WHAT IS NEEDED: Images excluded, reproduce each line of the records exactly as it stands.

EXERCISE MATERIALS:
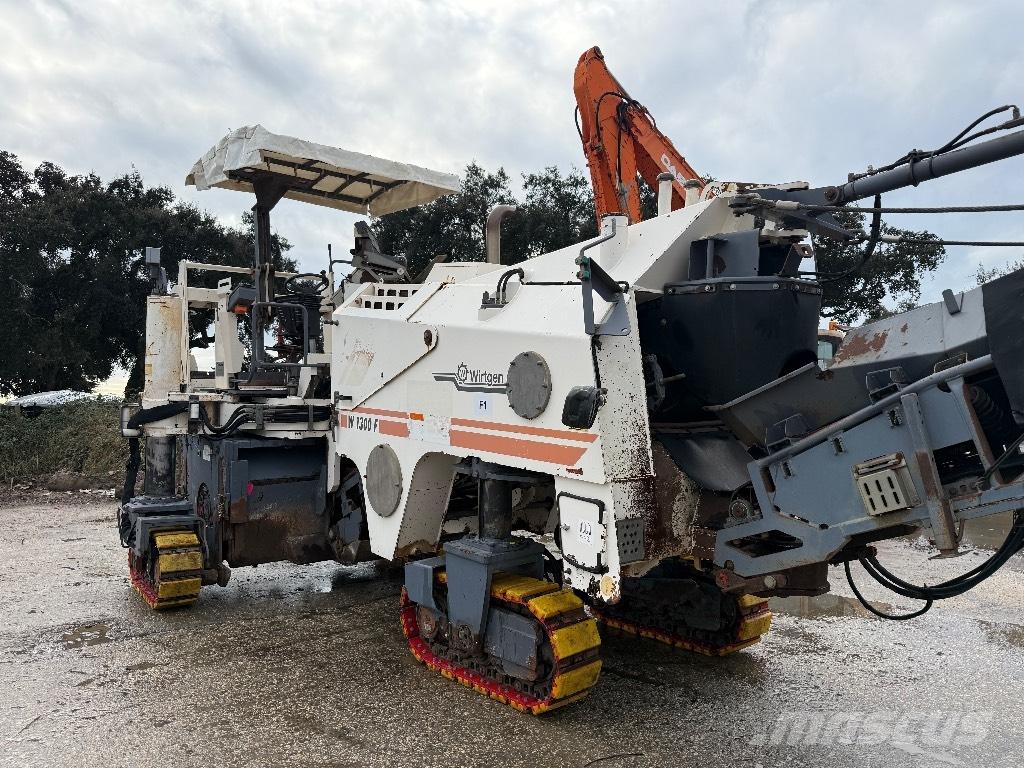 Wirtgen W1300F ماكينات الكشط البارد للأسفلت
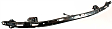 Front, Upper Bumper Retainer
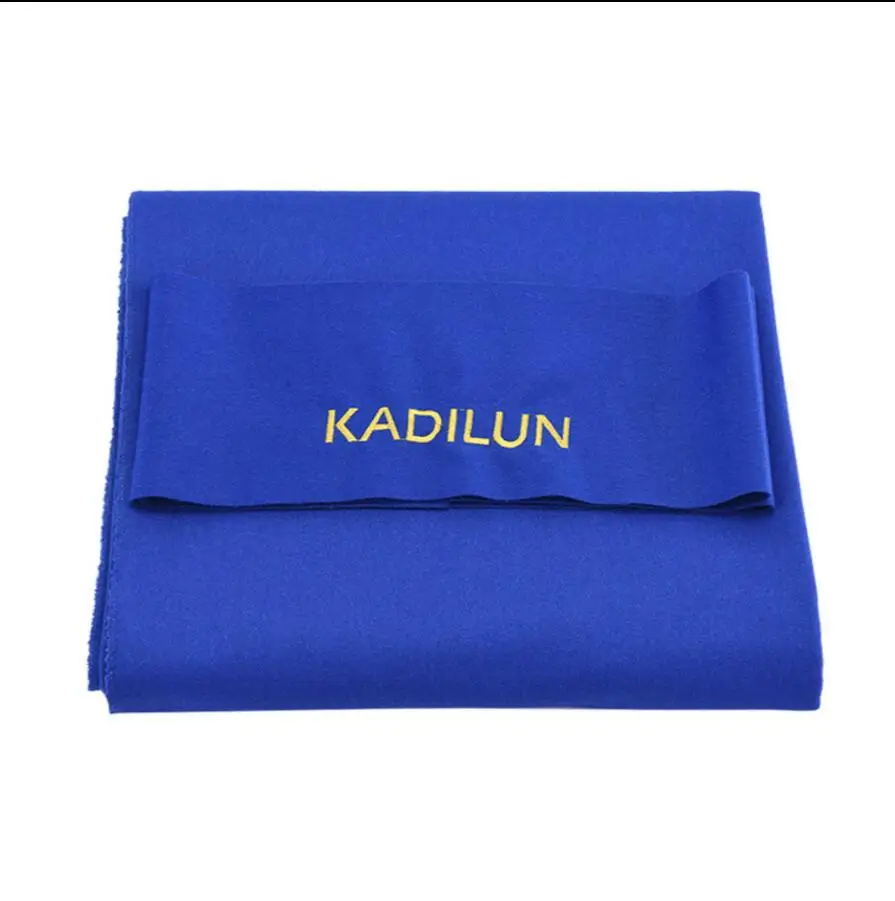 Новый KADILUM Высокая класс черный восемь бильярдный стол скатерть домой стеклянный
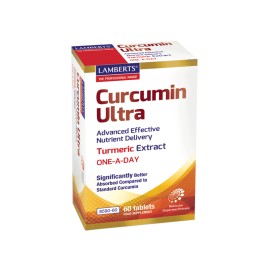 LAMBERTS Curcumin Ultra 60 Ταμπλέτες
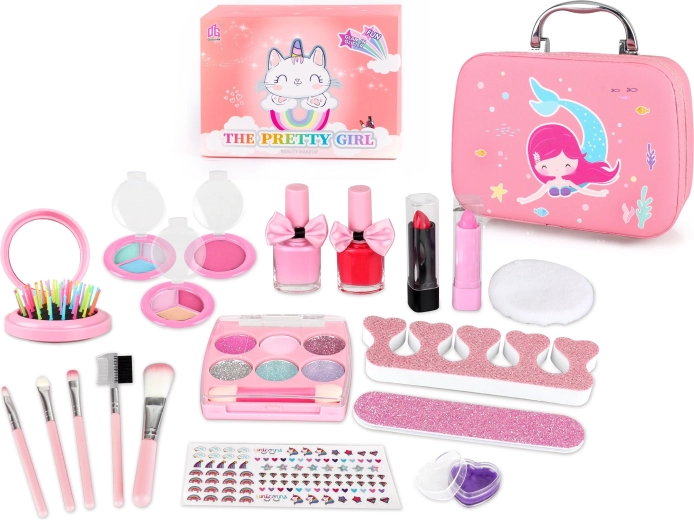 Koffertje met make-up Zeemeermin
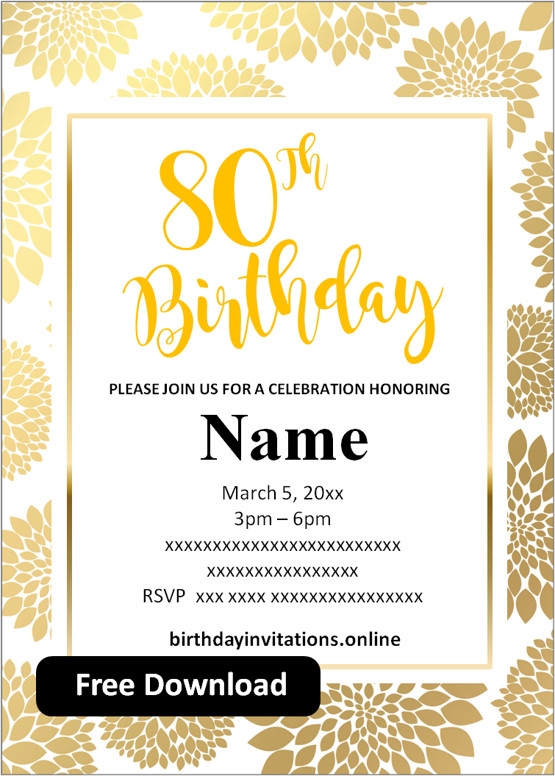 Birthday Invitations For Adults Birthday Invitations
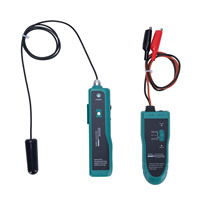 Kit de localisation de câbles souterrains et de traçage de lignes pour tests de court-circuit et maintenance des réseaux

SOLVED EXERCISE:
 Wirtgen W1300F ماكينات الكشط البارد للأسفلت
 Front, Upper Bumper Retainer
 Новый KADILUM Высокая класс черный восемь бильярдный стол скатерть домой стеклянный
 LAMBERTS Curcumin Ultra 60 Ταμπλέτες
 Koffertje met make-up Zeemeermin
 Birthday Invitations For Adults Birthday Invitations
 Kit de localisation de câbles souterrains et de traçage de lignes pour tests de court-circuit et maintenance des réseaux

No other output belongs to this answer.